Much of the three men’s alleged terrorist activity was isolated to rocket-propelled grenade training or bomb-making at a camp in Afghanistan, and Smaker’s film paints them as relatively sympathetic characters.
As psychiatrists confront the men with the consequences of their actions, they express feelings of shame and remorse. The men all claim to have endured frequent torture at Guantanamo Bay, providing detailed accounts of extreme suffering at the prison.
The overall tone of Smaker’s film is humanizing. In one scene, as Nadir and Mohammed participate in synchronized swimming, it’s clear their sense of humor remains intact. In another sequence, Ali learns how the internet and dating apps have transformed modern romance and courting rituals. All the men want to marry, but the stigma attached to their crimes makes dating difficult.
Islamic scholars at the center emphasize and teach tolerance for other religions and people who believe differently. As they promote a moderate definition of jihad, Abu Ghanim, a man who served as Usama Bin Laden’s bodyguard, challenges the scholars. As one of the first 20 men sent to Guantanamo Bay, Ghanim harbors a deep-seated hatred for his American captors.
“[Jihad] is the defense of your home and country, your family, and your God. That is it,” he tells Smaker, his intense eyes radiating defiance. Ghanim, who saw war for the first time in Bosnia in the 1990s, angrily tells Smaker, “What if that were me? What if that were my family? The UN did nothing!”
As the terrorist linked to the USS Cole bombing and international missile smuggling rationalizes his actions and describes his treatment at Guantanamo, the effect is unnerving. He describes an instance of a female interrogator sexually assaulting him as her partners held him down.
When Smaker confronts Ghanim about fighting in a foreign country, not his own, he rescinds his permission for interviews and refuses further contact with the filmmakers. After Ghanim withdraws from the film, a sequence follows claiming the center has an 85% success rate, and those who cannot be rehabilitated often return to terrorism, turn to crime, or otherwise struggle to find work and reintegrate into society. The sequence is edited in a way that implies Ghanim is not expected to succeed.
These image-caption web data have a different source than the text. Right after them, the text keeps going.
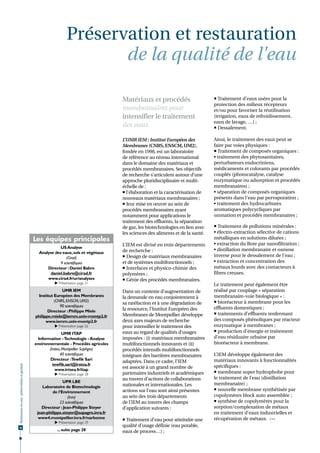 Préservation et restauration
                                                                      de la qualité de l'eau

                                                                                      Matériaux et procédés                        Traitement d’eaux usées pour la
                                                                                                                                  protection des milieux récepteurs
                                                                                      membranaires pour                           et/ou pour favoriser la réutilisation
                                                                                      intensifier le traitement                   (irrigation, eaux de refroidissement,
                                                                                                                                  eaux de lavage, …) ;
                                                                                      des eaux                                     Dessalement.

                                                                                      L’UMR IEM : Institut Européen des           Ainsi, le traitement des eaux peut se
                                                                                      Membranes (CNRS, ENSCM, UM2),               faire par voies physiques :
                                                                                      fondée en 1998, est un laboratoire           Traitement de composés organiques :
                                                                                      de référence au niveau international        • traitement des phytosanitaires,
                                                                                      dans le domaine des matériaux et            perturbateurs endocriniens,
                                                                                      procédés membranaires. Ses objectifs        médicaments et colorants par procédés
                                                                                      de recherche s’articulent autour d’une      couplés (photocatalyse, catalyse
                                                                                      approche pluridisciplinaire et multi-       enzymatique ou adsorption et procédés
                                                                                      échelle de :                                membranaires) ;
                                                                                       l’élaboration et la caractérisation de    • séparation de composés organiques
                                                                                      nouveaux matériaux membranaires ;           présents dans l’eau par pervaporation ;
                                                                                       leur mise en œuvre au sein de             • traitement des hydrocarbures
                                                                                      procédés membranaires ayant                 aromatiques polycycliques par
                                                                                      notamment pour applications le              ozonation et procédés membranaires ;
                                                                                      traitement des effluents, la séparation
                                                                                      de gaz, les biotechnologies en lien avec     Traitement de pollutions minérales :
                                                                                      les sciences des aliments et de la santé.   • électro-extraction sélective de cations
                                              Les équipes principales                                                             métalliques en solutions diluées ;
                                                                                      L’IEM est divisé en trois départements      • extraction du Bore par nanofiltration ;
                                                           US Analyse
                                                                                      de recherche :                              • distillation membranaire et osmose
                                                Analyse des eaux, sols et végétaux
                                                               (Cirad)                 Design de matériaux membranaires          inverse pour le dessalement de l’eau ;
                                                           9 scientifiques            et de systèmes multifonctionnels ;          • extraction et concentration des
                                                    Directeur : Daniel Babre           Interfaces et physico-chimie des          métaux lourds avec des contacteurs à
                                                      daniel.babre@cirad.fr           polymères ;                                 fibres creuses.
                                                    www.cirad.fr/ur/analyses           Génie des procédés membranaires.
                                                         Présentation page 31                                                    Le traitement peut également être
                                                            UMR IEM                   Dans un contexte d’augmentation de          réalisé par couplage « séparation
                                               Institut Européen des Membranes        la demande en eau conjointement à           membranaire-voie biologique » :
                                                        (CNRS, ENSCM, UM2)                                                         bioréacteur à membrane pour les
                                                                                      sa raréfaction et à une dégradation de
                                                           90 scientifiques                                                       effluents domestiques ;
                                                     Directeur : Philippe Miele       la ressource, l’Institut Européen des
                                              philippe.miele@iemm.univ-montp2.fr      Membranes de Montpellier développe           traitements d’effluents renfermant
                                                    www.iemm.univ-montp2.fr           deux axes majeurs de recherche              des composés phénoliques par réacteur
                                                         Présentation page 26        pour intensifier le traitement des          enzymatique à membranes ;
                                                               UMR ITAP               eaux au regard de qualités d’usages          production d’énergie et traitement
                                                Information - Technologie - Analyse   imposées : (i) matériaux membranaires       d’eau résiduaire urbaine par
                                              environnementale - Procédés agricoles   multifonctionnels innovants et (ii)         bioréacteur à membrane.
                                                      (Irstea, Montpellier SupAgro)   procédés intensifs multifonctionnels
                                                             40 scientifiques         intégrant des barrières membranaires        L’IEM développe également des
                                                       Directeur :Tewfik Sari                                                     matériaux innovants à fonctionnalités
                                                                                      adaptées. Dans ce cadre, l’IEM
                                                        tewfik.sari@irstea.fr
Ressources en eau : préservation et gestion




                                                                                      est associé à un grand nombre de            spécifiques :
                                                          www.irtsea.fr/itap
                                                         Présentation page 28        partenaires industriels et académiques       membrane super hydrophobe pour
                                                                                      au travers d’actions de collaborations      le traitement de l’eau (distillation
                                                             UPR LBE
                                                                                      nationales et internationales. Les          membranaire) ;
                                                  Laboratoire de Biotechnologie
                                                       de l’Environnement             actions sur l’eau sont ainsi présentes       nouvelle membrane synthétisée par
                                                                (Inra)                au sein des trois départements              copolymères block auto assemblée ;
                                                           23 scientifiques           de l’IEM au travers des champs               synthèse de copolymères pour la
                                                  Directeur : Jean-Philippe Steyer    d’application suivants :                    sorption/complexation de métaux
                                               jean-philippe.steyer@supagro.inra.fr                                               en traitement d’eaux industrielles et
                                                www4.montpellier.inra.fr/narbonne      Traitement d’eau pour atteindre une       récupération de métaux. •••
                                                         Présentation page 29
26
                                                                                      qualité d’usage définie (eau potable,
                                                         ... suite page 28            eaux de process…) ;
Smaker returns her focus to Ali, Nadir, and Mohammed in the latter half of the film, and as the three men near the end of the program and their eventual release, they ponder what the future holds for them. Issues such as marriage, kids, and career are front and center. Even upon successful rehabilitation, the men cannot return to their homes and must remain in Saudi Arabia.
Throughout the film, Smaker uses traditional symbols of freedom — shots of birds and the ocean — to reflect the yearning of her subjects. In the end, the Saudi government delays the men’s release by nine months.
The government eventually released the men to their families with strict terms threatening criminal prosecution and jail time to the men’s sponsors in the event they returned to terrorist activities. After Saudi Arabia’s new crown prince passed a law banning foreign nationals from working, Ali, Nadir, and Mohammed were unable to support themselves.
When Smaker catches up with the men a year after their release, she finds them struggling mightily. Feelings of isolation, helplessness, and listlessness plague the men. Ultimately, governmental changes transform the rehabilitation center into a re-education facility for political dissidents as Saudi Arabia embraces harsh punishments — such as public beheadings — for convicted terrorists.
While Smaker’s film often succeeds in challenging viewers to think deeply and critically about a complex issue, its ending is abrupt and leaves many questions unanswered. The men’s futures remain uncertain. The documentary also highlights several disturbing allegations of abuse from US personnel, never addressing investigations into those abuses.
Ultimately, the film’s intimate exploration of the terrorist psyche is sobering and thought provoking, but the film may be a tough pill to swallow for anyone who has served or lost loved ones in the war on terror.